How to Use oneTBB for Efficient Memory Allocation in C++ Applications

Get the Latest on All Things CODE

author-image

作者

Introduction

Dynamic memory allocation is a primary consideration when developing and optimizing any software application. It is an even tougher task in parallel applications, which have challenging demands, including:

  • Moderate memory consumption
  • Faster memory allocation and deallocation among threads
  • Keeping allocated memory hot in the CPU cache
  • Avoiding the reaching of cache-associativity limits
  • Preventing false sharing and thread contention

Numerous memory managers exhibit different efficiencies for different applications.

This blog focuses on one such memory allocator provided by the Intel® oneAPI Threading Building Blocks (oneTBB) library.

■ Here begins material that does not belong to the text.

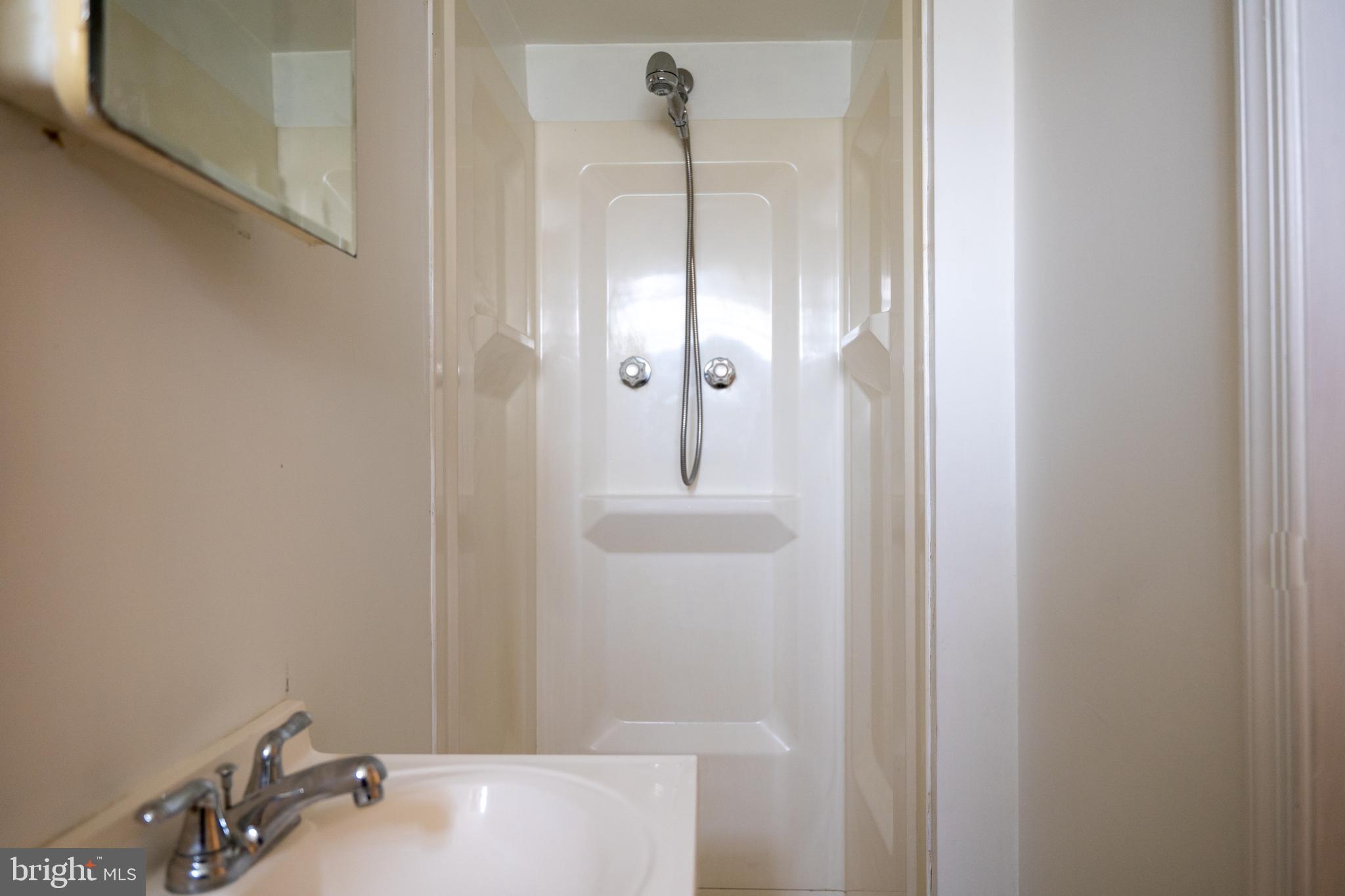 WEST EDMONDALE - Residential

oneTBB's approach maintains and expands on the API of the Standard Template Library (STL) template class std::allocator. It introduces two similar templates, scalable_allocator<T> and cache_aligned_allocator<T>, to address the critical issues in parallel programming listed above.  

oneTBB Overview

oneTBB is a flexible yet performant threading library that simplifies parallel programming in C++ across accelerated hardware. Supported for Windows*, Linux*, macOS*, and Android* applications, oneTBB can handle several tedious tasks such as adding parallelism to complex loop structures, memory allocation, and task scheduling.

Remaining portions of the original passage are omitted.